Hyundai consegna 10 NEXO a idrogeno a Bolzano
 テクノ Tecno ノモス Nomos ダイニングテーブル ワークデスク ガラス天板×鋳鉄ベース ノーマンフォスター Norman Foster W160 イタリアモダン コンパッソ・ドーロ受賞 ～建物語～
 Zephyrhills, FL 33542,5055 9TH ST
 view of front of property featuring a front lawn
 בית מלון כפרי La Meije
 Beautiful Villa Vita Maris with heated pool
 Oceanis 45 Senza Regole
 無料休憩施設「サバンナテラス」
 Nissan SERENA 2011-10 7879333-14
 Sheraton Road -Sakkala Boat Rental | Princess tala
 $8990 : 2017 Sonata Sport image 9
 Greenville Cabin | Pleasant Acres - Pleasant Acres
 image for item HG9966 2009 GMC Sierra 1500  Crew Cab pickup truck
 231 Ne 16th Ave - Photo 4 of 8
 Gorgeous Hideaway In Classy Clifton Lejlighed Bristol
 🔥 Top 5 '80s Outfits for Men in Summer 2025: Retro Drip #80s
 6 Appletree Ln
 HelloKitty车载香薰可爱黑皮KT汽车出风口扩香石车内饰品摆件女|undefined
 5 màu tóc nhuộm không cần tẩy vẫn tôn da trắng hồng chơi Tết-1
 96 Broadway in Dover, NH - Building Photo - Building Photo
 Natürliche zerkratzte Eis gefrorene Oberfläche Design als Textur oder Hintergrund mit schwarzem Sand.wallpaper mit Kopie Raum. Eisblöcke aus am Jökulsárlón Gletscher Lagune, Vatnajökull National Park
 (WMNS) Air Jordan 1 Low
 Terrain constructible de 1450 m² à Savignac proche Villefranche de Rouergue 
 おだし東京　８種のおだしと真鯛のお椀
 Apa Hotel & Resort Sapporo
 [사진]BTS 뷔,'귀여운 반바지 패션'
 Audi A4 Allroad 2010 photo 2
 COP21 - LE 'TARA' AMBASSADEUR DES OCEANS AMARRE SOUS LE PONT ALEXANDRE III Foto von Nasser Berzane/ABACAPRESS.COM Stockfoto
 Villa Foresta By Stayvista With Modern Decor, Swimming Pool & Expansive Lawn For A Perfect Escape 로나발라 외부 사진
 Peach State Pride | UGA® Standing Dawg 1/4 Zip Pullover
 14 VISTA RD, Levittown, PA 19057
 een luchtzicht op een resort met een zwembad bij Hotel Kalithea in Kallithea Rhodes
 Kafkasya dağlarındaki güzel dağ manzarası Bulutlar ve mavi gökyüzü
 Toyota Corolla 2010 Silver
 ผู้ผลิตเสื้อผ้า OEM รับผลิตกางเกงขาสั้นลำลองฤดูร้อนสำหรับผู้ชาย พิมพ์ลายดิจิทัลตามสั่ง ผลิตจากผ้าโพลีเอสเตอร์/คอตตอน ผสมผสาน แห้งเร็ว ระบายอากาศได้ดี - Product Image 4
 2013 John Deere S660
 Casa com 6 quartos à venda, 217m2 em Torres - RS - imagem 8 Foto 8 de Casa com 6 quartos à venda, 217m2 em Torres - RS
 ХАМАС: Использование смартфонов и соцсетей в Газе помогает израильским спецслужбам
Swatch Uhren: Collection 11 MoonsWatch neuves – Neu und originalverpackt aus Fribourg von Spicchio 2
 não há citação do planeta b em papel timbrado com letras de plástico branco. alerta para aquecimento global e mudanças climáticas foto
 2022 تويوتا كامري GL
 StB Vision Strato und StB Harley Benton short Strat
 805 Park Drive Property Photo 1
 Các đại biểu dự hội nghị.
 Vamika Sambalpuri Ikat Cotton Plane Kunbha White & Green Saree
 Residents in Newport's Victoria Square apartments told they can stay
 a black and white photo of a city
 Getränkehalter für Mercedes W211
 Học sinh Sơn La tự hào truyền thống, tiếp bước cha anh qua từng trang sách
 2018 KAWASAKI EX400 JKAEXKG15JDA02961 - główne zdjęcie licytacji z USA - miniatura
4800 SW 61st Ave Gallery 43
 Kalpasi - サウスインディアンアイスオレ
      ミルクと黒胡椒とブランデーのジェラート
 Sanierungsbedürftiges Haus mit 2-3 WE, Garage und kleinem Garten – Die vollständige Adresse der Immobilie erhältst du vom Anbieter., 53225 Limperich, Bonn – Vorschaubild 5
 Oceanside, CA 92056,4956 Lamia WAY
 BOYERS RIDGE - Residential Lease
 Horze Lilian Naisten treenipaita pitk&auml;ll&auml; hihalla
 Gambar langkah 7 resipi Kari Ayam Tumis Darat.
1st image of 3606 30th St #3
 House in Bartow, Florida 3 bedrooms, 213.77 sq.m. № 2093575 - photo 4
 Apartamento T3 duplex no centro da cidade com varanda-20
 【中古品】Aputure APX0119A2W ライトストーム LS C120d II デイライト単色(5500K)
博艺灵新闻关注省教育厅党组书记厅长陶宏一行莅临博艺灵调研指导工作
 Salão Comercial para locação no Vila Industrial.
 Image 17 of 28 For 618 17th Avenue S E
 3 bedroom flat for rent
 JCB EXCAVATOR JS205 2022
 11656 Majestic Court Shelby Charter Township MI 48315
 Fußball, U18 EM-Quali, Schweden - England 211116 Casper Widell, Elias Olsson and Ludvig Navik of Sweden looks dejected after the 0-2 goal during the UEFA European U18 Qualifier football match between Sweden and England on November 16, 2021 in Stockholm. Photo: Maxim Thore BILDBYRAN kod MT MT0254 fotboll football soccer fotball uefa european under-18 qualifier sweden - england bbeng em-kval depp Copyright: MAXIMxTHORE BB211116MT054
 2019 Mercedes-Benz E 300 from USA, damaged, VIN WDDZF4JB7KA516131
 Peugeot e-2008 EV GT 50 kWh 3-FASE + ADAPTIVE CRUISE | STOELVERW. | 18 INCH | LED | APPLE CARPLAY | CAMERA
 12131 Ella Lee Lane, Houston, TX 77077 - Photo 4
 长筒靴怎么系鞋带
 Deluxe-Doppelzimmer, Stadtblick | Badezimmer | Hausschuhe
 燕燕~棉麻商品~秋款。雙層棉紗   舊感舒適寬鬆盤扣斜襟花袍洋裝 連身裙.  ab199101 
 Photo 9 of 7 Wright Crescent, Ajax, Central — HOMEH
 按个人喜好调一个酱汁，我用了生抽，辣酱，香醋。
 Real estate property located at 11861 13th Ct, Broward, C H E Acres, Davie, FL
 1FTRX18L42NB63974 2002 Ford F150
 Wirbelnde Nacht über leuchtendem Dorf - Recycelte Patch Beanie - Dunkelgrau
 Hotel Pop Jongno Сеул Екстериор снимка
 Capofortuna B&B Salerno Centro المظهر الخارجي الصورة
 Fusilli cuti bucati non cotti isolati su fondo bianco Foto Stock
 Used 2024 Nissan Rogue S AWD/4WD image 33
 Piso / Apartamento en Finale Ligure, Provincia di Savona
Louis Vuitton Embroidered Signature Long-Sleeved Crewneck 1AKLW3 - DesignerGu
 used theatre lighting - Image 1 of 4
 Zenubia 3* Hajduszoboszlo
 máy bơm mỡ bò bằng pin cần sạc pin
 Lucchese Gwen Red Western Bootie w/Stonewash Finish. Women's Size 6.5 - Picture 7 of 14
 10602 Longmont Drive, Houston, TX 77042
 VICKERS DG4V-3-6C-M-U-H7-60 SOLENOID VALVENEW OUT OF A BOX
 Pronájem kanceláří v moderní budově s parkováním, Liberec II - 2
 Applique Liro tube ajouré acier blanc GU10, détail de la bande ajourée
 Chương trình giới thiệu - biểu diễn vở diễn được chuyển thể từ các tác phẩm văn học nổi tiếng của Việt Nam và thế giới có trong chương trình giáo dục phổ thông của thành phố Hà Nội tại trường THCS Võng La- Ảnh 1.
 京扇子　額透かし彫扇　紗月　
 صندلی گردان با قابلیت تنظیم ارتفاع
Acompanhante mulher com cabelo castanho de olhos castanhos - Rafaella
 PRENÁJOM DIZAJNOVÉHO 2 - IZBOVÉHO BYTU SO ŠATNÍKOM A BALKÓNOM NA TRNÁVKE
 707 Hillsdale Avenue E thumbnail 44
---+---
Write out only the lines that run from the line containing "Image 17 of 28 For 618 17th Avenue S E" through the line containing "2019 Mercedes-Benz E", both included, exactly as they appear above.

 Image 17 of 28 For 618 17th Avenue S E
 3 bedroom flat for rent
 JCB EXCAVATOR JS205 2022
 11656 Majestic Court Shelby Charter Township MI 48315
 Fußball, U18 EM-Quali, Schweden - England 211116 Casper Widell, Elias Olsson and Ludvig Navik of Sweden looks dejected after the 0-2 goal during the UEFA European U18 Qualifier football match between Sweden and England on November 16, 2021 in Stockholm. Photo: Maxim Thore BILDBYRAN kod MT MT0254 fotboll football soccer fotball uefa european under-18 qualifier sweden - england bbeng em-kval depp Copyright: MAXIMxTHORE BB211116MT054
 2019 Mercedes-Benz E 300 from USA, damaged, VIN WDDZF4JB7KA516131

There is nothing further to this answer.